The primary vocation of the Festival – and of the bulk of festivals – is to keep the dialogue around cinematographic art alive, from its tendencies and contradictions to its different possibilities. What is the role that festivals play today in the face of the uncertainty and paradigm shift in the sector?

The discourse of festivals is sometimes confusing, because it gives the impression that we are staging a kind of fissure between different ways of cinematographic creation. And there is some of that. But what is clear is that festivals always try to stage diversity in front of a mainstream with much clearer limits regarding the type of cinema that is consumed. Therefore, festivals, on the one hand, want to account for a much broader cultural, aesthetic and geographical diversity, but, at the same time, they are also a way of connecting with that account of the history of cinema, which has about 120 years, because what interests festivals is to explore cinema as an art and as a language.

How do you define the programming criteria of the Las Palmas Film Festival, which makes up its identity stamp and its own place on the international map, throughout these 20 years?

In the sense that I commented before: the reasons why we choose some films or others always have to do with the cinematographic language and the way in which the filmmakers explore that language; not so much with the invention of shapes, which may be too ambitious a parameter, but with the sincerity with which one investigates the possibilities of cinema. Throughout these 20 years, we have been able to follow how that “other cinema” that is shown at festivals really renewed the cinematographic medium as a form of art and language. Therefore, we try to visualize this, but without the discourse being other than the one caused by the contact between the films itself, that is, we do not want to impose it through an external discourse, but rather let the films speak with each other and with the public.

And does its role as a meeting space around the collective experience of cinema as an event be redefined?

And of participation, without a doubt. Cinema as a cultural experience in the 20th century was always something that happened with an audience gathered in a room, and that gave it the value of an event and participation, even if the latter was silent. But what is very clear is that this experience is something very different from being at home and choosing from a menu among a series of possibilities, which are increasing and which, for moviegoers my age, was something unimaginable 15 years ago. Festivals try to maintain that tension of feeling part of an unrepeatable event, knowing that today a film is anything but an unrepeatable event, because at least part of it will end up being visible very soon and in a relatively simple way. And that changes the desire or, rather, it changes the way we relate to films as something that mobilizes desire. This is something to which we are sensitive and that we like to explore and follow, because festivals are the observatory of these changes and, at the same time, we are the ones who try to keep open the possibility that cinema remains an event.

However, what are your expectations regarding this edition that begins today?

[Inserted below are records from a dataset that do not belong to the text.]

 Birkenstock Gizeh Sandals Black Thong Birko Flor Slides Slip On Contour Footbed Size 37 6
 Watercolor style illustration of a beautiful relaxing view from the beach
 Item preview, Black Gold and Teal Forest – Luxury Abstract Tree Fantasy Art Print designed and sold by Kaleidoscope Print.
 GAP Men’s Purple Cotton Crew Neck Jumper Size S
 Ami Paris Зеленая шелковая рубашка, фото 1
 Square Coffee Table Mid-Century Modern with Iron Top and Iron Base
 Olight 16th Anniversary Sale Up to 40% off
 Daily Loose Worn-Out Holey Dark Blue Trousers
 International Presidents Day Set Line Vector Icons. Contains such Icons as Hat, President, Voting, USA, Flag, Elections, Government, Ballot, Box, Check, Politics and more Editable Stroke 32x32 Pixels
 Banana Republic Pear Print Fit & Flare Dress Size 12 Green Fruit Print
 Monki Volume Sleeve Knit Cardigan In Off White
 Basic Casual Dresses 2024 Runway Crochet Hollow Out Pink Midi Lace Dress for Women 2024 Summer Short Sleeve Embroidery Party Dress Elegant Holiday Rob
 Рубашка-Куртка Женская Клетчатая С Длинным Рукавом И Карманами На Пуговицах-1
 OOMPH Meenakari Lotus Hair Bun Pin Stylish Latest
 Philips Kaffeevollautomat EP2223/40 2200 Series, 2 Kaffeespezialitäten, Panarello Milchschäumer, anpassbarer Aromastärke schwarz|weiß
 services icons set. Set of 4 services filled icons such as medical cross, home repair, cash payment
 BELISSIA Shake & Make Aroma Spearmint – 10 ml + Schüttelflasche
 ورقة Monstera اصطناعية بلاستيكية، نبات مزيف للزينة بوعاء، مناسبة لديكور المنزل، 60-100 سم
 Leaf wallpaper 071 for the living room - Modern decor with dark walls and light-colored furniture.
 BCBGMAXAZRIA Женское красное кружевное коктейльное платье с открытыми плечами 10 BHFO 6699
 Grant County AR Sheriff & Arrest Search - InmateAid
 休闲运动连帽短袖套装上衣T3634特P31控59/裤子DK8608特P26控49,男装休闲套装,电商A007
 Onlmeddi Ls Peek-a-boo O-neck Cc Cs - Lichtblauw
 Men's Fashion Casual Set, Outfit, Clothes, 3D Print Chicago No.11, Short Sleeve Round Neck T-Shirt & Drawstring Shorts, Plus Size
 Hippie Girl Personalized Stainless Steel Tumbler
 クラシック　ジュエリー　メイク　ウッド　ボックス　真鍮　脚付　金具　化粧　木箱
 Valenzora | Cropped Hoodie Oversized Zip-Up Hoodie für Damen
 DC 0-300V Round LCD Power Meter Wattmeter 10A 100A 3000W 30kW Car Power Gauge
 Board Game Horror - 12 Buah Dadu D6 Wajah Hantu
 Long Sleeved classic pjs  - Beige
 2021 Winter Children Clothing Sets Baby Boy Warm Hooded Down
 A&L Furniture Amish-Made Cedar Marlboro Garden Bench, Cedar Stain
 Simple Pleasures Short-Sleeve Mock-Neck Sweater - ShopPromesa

My fundamental expectation is that the final balance of the Festival is: zero contagion. Everything else seems secondary to me (laughs). But apart from that, my confidence is absolute that everything is going to work out perfectly in every way, and that the programming is going to be interesting. We know that the user experience is going to be different from that of other years, but that transition must be made and we face it with the awareness that the product is well developed and assembled for all who want to enjoy it.